• [Given material]:
★ ★ ★ ★ ★ ★ ★
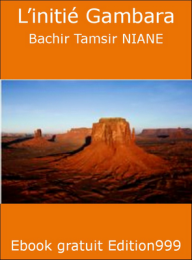 L'initié Gambara
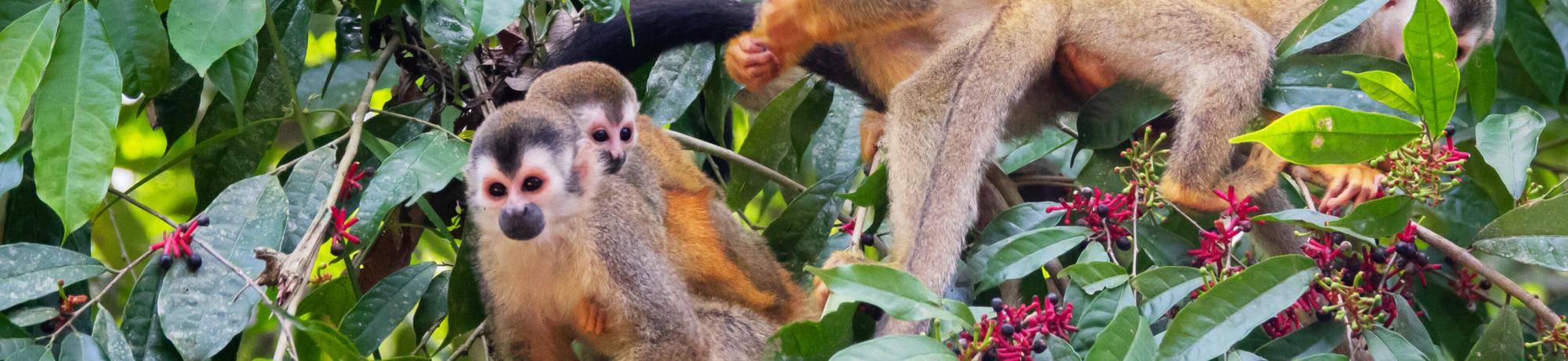 Image of monkeys in the wild.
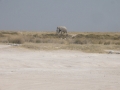 etosha elephant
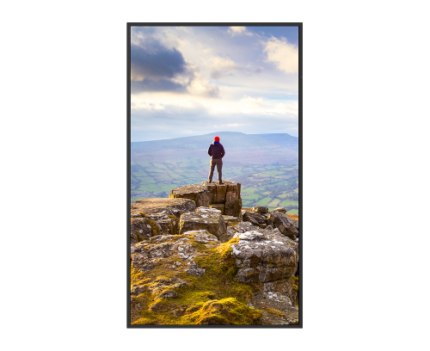 Sharp PN-E439 Pantalla plana para señalización digital 109,2 cm (43") LCD 350 cd / m² 4K Ultra HD Negro 16/7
★ ★ ★ ★ ★ ★ ★
• [Work to be completed]: Leave out the pictures and copy the rest of the material above exactly.

• [Exercise output]:
 L'initié Gambara
 Image of monkeys in the wild.
 etosha elephant
 Sharp PN-E439 Pantalla plana para señalización digital 109,2 cm (43") LCD 350 cd / m² 4K Ultra HD Negro 16/7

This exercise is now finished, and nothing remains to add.